At least lets tell them about the limits to factoring. And don't wait until some bitter end to share the quadratic equation, making it some punch line after slogging through months of seeking roots by other means.

I'm into spending a lot more time with primes versus composites, Euclid's Method, because I'm heading to RSA (public key crypto), like they do in Mathematics for the Digital Age (Bob and I both like it, although I do class-oriented coding much earlier in the deck, see my Fraction [1]). RSA is a capstone "thing to get" in the aforementioned text, used at Phillips / Andover. I teach crypto too, had for years before I saw that book. [2]

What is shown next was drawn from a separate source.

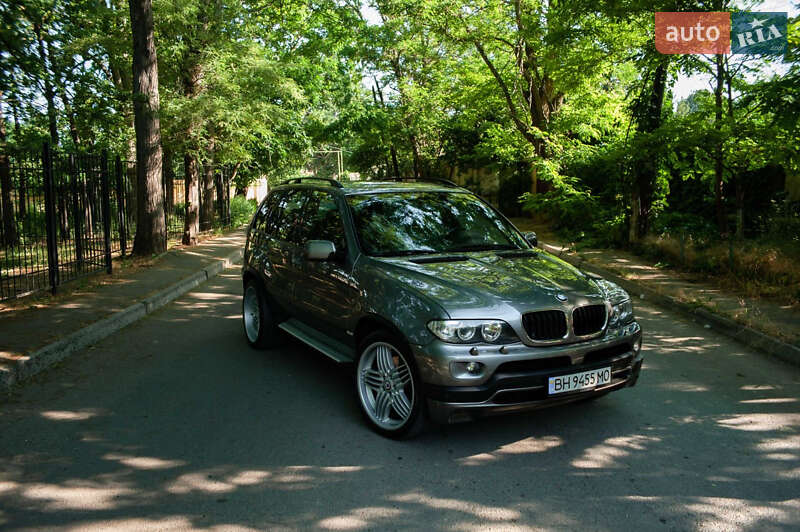 Внедорожник / Кроссовер BMW X5 2004 в Одессе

Why Euclid's Method to get the GCD over factoring into primes? Because factoring fizzles long before EM. Then there's the extended version (EEM). Check Knuth. These are the algorithms they're gonna need. As a mammal to other mammals: don't let them write that off as "just computer science" in their snobby mathy way.

Kirby

[0] http://4dsolutions.net/ocn/python/

[1] https://repl.it/H7VF/12

[2] http://4dsolutions.net/ocn/crypto0.html

Sunday, June 04, 2017

Radar Blips

In case you're a long time reader of this blog, or a relative newcomer with a Sherlock Holmes bent, wanting to piece it all together like a Russian novel of interweaving scenarios, let me look at some loose ends.

The pristine wood hull motor boat that featured often in blog posts and pictures, especially in warmer weather, is still with us, but under repair.  A boat seeing as much use as that one, way above average, incurs wear and tear. The only real question is whether anyone around is skilled enough and has the time. Don and Barry have been on it.

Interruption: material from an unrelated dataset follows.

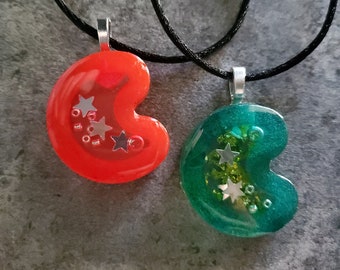 Colar de resina em forma de lua -- cheio de estrelas e contas -- também pode ser um chaveiro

Also speaking of Barry, his big project to keep himself in shape and amused was to convert a legacy motorcycle, a big one, into something two-wheeled yet enclosed.  The prototype has been test driven, however the loose end is I've not been present to photo-document anything.  It's front-heavy on steering and a next iteration is planned.

Former housemates have been meeting among themselves, crossing paths at different times. Jen has moved to California with Yarrow, growing up.  Melody drove down there and visited.  Maybe Lindsey got there later?  I'm not in her loop.

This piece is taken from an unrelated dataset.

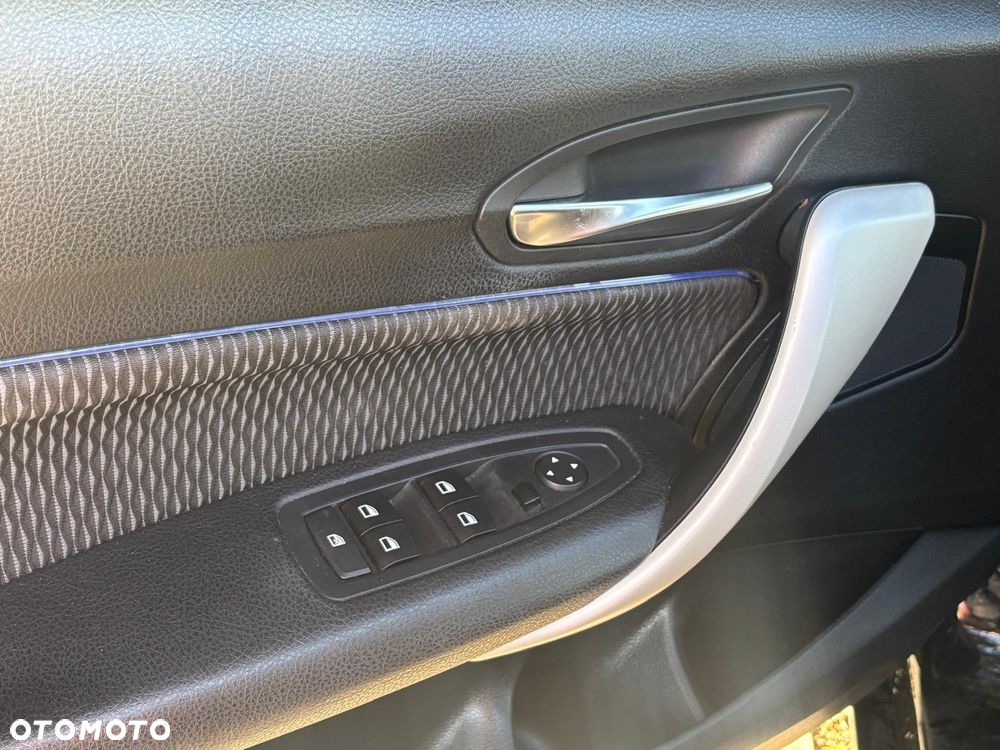 BMW Seria 1 116d DPF Edition Lifestyle - 17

Speaking of Lindsey, a looped through her music on Facebook again, spiraling through some of her showtime posters.  She was a keyboardist / singer with a big love for her drum machine.  With me as chauffeur, she could pull off real gigs.  Archive.org has her at the Egyptian Room in Portland (long gone).

My two daughters are both working hard in their respective roles.  We've been sharing developments on email with Carol (mom) and my sister Julie.

Today we had some tense times downtown thanks to various rallies and counter-rallies.  We seem to be forgetting the past and dooming ourselves to its repetition but then history doesn't repeat, not really.  OK somewhat it does.

Patrick bounced down there on foot, busing back.  We're both yammering about Python this week, in a code school setting.  I'm studying his textbook, to which I contributed, plus we both learned from Steve Holden, author of an earlier curriculum we both used, when mentoring for O'Reilly School (since closed).

Speaking of Steve Holden, you'll find where he bounced out to the West Coast for meetups and business, but he's a citizen of the UK and has lived there for some time.  We see each other on Facebook and like that.

Wednesday, May 31, 2017

Dress Rehearsal

Relax into Knowing

Speaking of a dropping Portland IQ, lets focus on mine.

What does it say that I was fully cognizant up to some point, that I would not be needed in Lake Oswego today (because the course ended last week) but that I nevertheless dutifully drove to Laurelhurst, as if today were tomorrow.

I got all dressed up, in my collar shirt, smarty pants, and badge.  Fought traffic (was traffic). Finally figured it out.  The booby prize goes to me.

Hey, we all make mistakes.  Today was the day.  Actually it's already tomorrow.